Danza Mexi'cayotl is traditional Chicano dance circle of families in San Diego California. This traditional group is based on the teachings of "La Danza Conchera" (also known by the names of "Danza Azteca," "Danza Chichimeca," "Danza de Conquista,"). La Danza Conchera is a complex social/spiritual organization based on the pre-Columbian traditions of the Otomi/Chichimeca nations of Queretaro, and of the Nahuatl-speaking Tlaxcaltecan, Mexi'ca, and other Indigenous nations of central Mexico.,

Danza Mexi'cayotl was found on Dec. 12, 1980 at the hill of Tepeyacac, in Mexico City. Capitán Mario E. Aguilar Cuauhtlehcoc Quetzalcoatl, a 26-year-old Chicano was the first Chicano recognized by some of the major elders of La Danza Azteca/Conchera. Among the elders given Aguilar recognition were General Flroencio Yescas, Generala Juanita Hernandez de la Palabra del General Francisco Diaz, Capitana Rosita Maya Hernandez, Manuel and Mario Andres Pineda, Los Hermanos Placencia of Guadalajara, Miguel Avalos, Felipe Aranda,Eladio Aguillon of Queretaro, and Moises Gonzales Barrios. Tepeyacac was the pre-columbian center for the worship of "Toci Teteoinan Tonanzin" (Nahuatl for "our grandmother, the gods, their mother, our revered mother). Tonantzin was a Mexi'ca (Aztec) goddess who originally was a Culhua princess given by her father to be the wife of the Mexi'ca tribal god Huitziloppochtli

Danza Mexi'cayotl was founded by Capitán Mario E. Aguilar Cuauhtlehcoc Quetzalcoatl when he was ordered to Mexico City to be given the title of CAPITAN, or leader/elder of a traditional dance circle, by his Maestro, General Florencio Yescas. Aguilar had also learned from Andres Segura and the White Roots of peace.

In 1987, in order to continue and expand its role in teaching and preserving the Indigenous heritage of la Danza, Danza Mexi'cayotl incorporated as a California non-profit corporation, "The Mexi'cayotl Indio Cultural Center" (MICC). MICC is dedicated to teaching and preserving the Indigenous cultures of México and the southwestern United States.

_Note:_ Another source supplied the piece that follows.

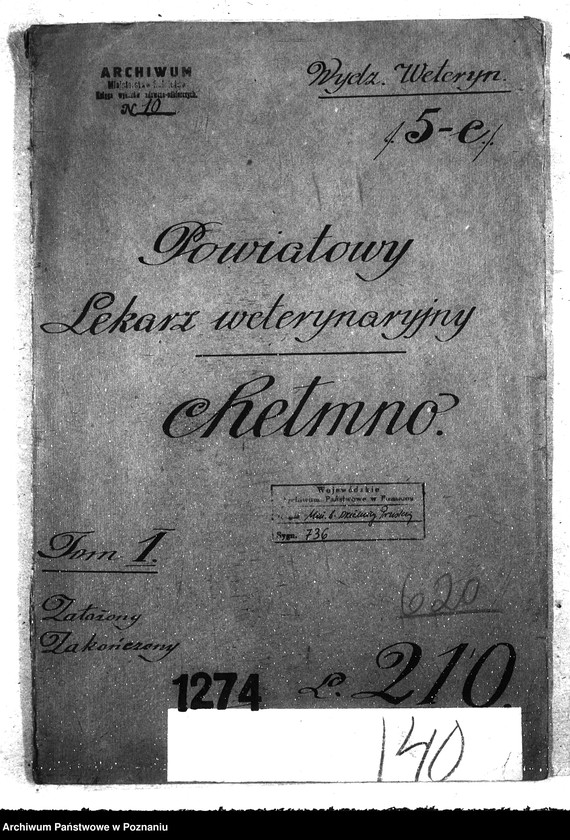 Obraz 4 z jednostki "Pow. lekarz Weterynaryjny Chełmno"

In 1992 MICC received recognition for the U.S. Internal Revenue Service as a community based, non-profit 501(c)(3) organization that is dedicated to bringing knowledge of the Indigenous/Mestizo living traditions of Mexico back to the Chicano/Latino communities of the U.S.

Danza Mexi'cayotl, through MICC has collected this knowledge from Indigenous and mestizo people that still live the traditional ways of life, as well as from academic, scientific, and artistic sources that have carried out rigorous research using western and non-western hermeneutics and ontologies to document, and teach living mesoamerican cultural, linguistic, and spiritual traditions.

Danza Mexi'cayotl is a collective of Chican, Mexicano, and Latinoamericano persons who are interested in creating a "third space" of an Indigenous community that gives a safe, nurturing place for people who are accepted neither within the dominant U.S. culture, nor the communities of Mexico. Chicanos, because of their skin color, language, and cultural heritage will never be seen as truly "American" by some members of white U.S. society. And because many Chicanos do not speak Spanish, and are closely identified with the Anglo-Saxon culture of the U.S.,they will always remain as outsiders or "gringos" to many Mexicans.

Danza Mexi'cayotl makes this knowledge, available to students, teachers, and others who want to begin their journey into a more traditional way of life.
Danza Mexi'cayotl focuses on serving multicultural youth, especially those low- income families that may not have other opportunities to gain access to traditional and living knowledge. Using traditional media such as oral, musical, and choreographic semiotics, and modern means of communication (websites, Facebook, Adobe Acrobat .PDF files and blogs), Danza Mexi'cayotl, through MICC, has extended is educational outreach to the entire globe. Capitáan Mario Aguilar, Danza Mexi'cayotl, and The Mexi'cayotl Indio Cultural Center are routinely cited in Master's thesis, doctoral dissertations and news articles.

Danza Mexi'cayotl is a circle of community residents, parents, artists, teachers, and counselors who dedicate their lives to diversity and social justice.
Danza Mexi'cayotl works and prays for the cultural, spiritual, ecological, economic and political florescence of future generations on the Mother Earth.

Danza Mexi'cayotl has performed throughout the Southwestern U.S. including the world famous Gallup Inter-Tribal Indian Ceremonial.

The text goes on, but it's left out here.